[EXERCISE GOAL] The copy should begin at the line containing "Exploring RomaXDeluxe: The" and end at the last line of the material. Please reproduce those lines exactly and keep pictures out.

[SOURCE MATERIAL]
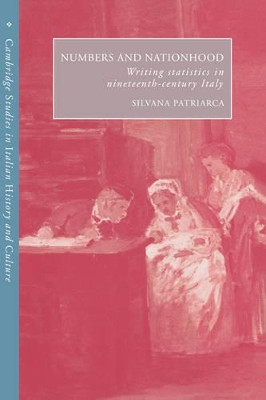 Numbers and Nationhood: Writing Statistics in Nineteenth-Century Italy by Silvana Patriarca 9780521522601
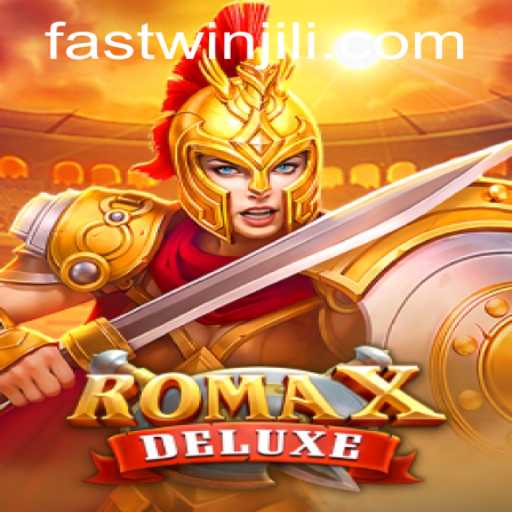 Exploring RomaXDeluxe: The Game that Redefines Quick Entertainment with FASTWIN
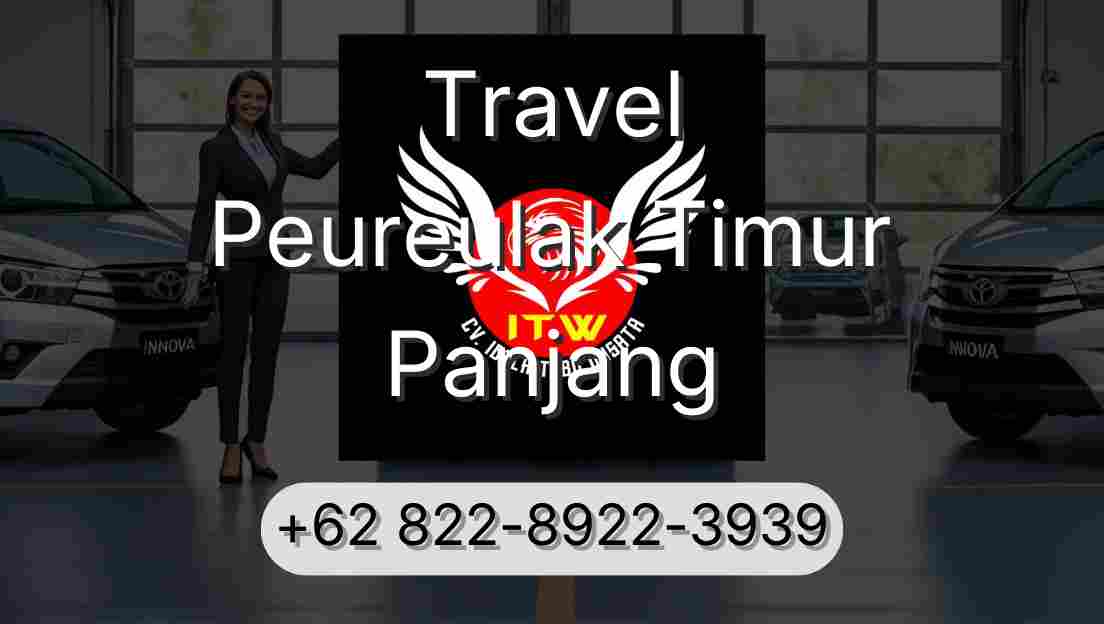 Travel Peureulak Timur Panjang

[ANSWER BOX]
 Exploring RomaXDeluxe: The Game that Redefines Quick Entertainment with FASTWIN
 Travel Peureulak Timur Panjang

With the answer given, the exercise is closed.